Terming the report “completely fallacious and misleading on all three counts”, the Finance Division stated, “First, Pakistan’s foreign exchange reserves are stable and certainly not depleting. The marginal fall in reserves referred to in the news item is because of the outflows of loans taken from commercial banks. The Ministry of Finance has already completed the process for refinancing of these loans and the funds are expected to flow back in during the next two to three weeks. More so, the stability in our foreign exchange reserves is reflected in the improving exchange value of the rupee.
“Second, the IMF programme has not stalled. The government, including the MoF and the State Bank of Pakistan as well as all ministries concerned, are in constant consultation with the IMF regarding the different policy initiatives and interventions currently being undertaken. As a trusted development partner and economic adviser, the IMF is consistently guiding and steadfastly supporting the government during these unprecedentedly difficult times created by the Covid-19 pandemic. As the Ministry of Finance has clarified earlier also, we can no longer view the IMF programme in the conventional sense. Programme benchmarks, of course, remain critical, but their timing has to be adjusted according to grave socioeconomic challenges posed by the pandemic.

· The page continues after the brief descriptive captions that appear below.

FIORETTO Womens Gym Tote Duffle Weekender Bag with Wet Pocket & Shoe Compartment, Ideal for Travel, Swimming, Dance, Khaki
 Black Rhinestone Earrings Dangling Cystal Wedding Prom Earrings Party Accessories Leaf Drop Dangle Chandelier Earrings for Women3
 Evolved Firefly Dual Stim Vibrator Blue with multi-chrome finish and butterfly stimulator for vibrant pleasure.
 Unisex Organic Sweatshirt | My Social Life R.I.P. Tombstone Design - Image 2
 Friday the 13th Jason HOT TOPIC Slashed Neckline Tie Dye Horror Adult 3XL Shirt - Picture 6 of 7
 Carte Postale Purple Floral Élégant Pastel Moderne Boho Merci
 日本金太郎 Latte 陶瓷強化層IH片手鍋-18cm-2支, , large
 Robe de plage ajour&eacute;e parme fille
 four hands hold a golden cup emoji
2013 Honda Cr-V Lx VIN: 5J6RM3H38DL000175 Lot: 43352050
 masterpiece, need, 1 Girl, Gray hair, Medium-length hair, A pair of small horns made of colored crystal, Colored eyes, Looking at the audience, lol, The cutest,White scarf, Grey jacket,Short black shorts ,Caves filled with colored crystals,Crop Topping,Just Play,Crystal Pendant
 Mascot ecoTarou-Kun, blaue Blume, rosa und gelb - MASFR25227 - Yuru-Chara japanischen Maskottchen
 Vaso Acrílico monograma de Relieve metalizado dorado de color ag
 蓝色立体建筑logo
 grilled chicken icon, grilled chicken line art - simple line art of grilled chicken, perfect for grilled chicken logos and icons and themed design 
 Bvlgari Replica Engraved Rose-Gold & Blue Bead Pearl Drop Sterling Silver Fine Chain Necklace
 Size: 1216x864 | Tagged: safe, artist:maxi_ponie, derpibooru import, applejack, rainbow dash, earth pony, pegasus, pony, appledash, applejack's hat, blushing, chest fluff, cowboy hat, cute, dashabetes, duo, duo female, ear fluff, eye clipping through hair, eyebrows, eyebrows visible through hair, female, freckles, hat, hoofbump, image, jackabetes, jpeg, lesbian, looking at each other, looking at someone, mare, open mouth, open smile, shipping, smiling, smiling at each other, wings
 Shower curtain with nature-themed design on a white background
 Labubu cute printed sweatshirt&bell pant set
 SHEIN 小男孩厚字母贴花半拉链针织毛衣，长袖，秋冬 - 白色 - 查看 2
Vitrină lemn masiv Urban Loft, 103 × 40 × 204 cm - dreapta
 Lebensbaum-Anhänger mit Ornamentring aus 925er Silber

“Third, Pakistan’s ongoing Medium-Term Note (MTN) Programme for the issuance of Eurobonds/international Sukuk is on track. The Ministry of Finance has already initiated the process for engagement of Financial Advisors, which is expected to be completed by mid-November 2020. After completion of all required formalities, the international capital markets will be tapped during January/February 2021. It must be noted that yields on Pakistan’s international bonds have returned to pre-Covid levels and these bonds are trading at a premium, indicating the confidence of global investors in Pakistan’s economy. Therefore, the Government does not feel any cause of concern with respect to new issuances and the execution of the MTN programme.”
The finance ministry clarified that Pakistan’s bond programme or its external sector stability is not under any kind of threat, as has been falsely claimed in the news report in question.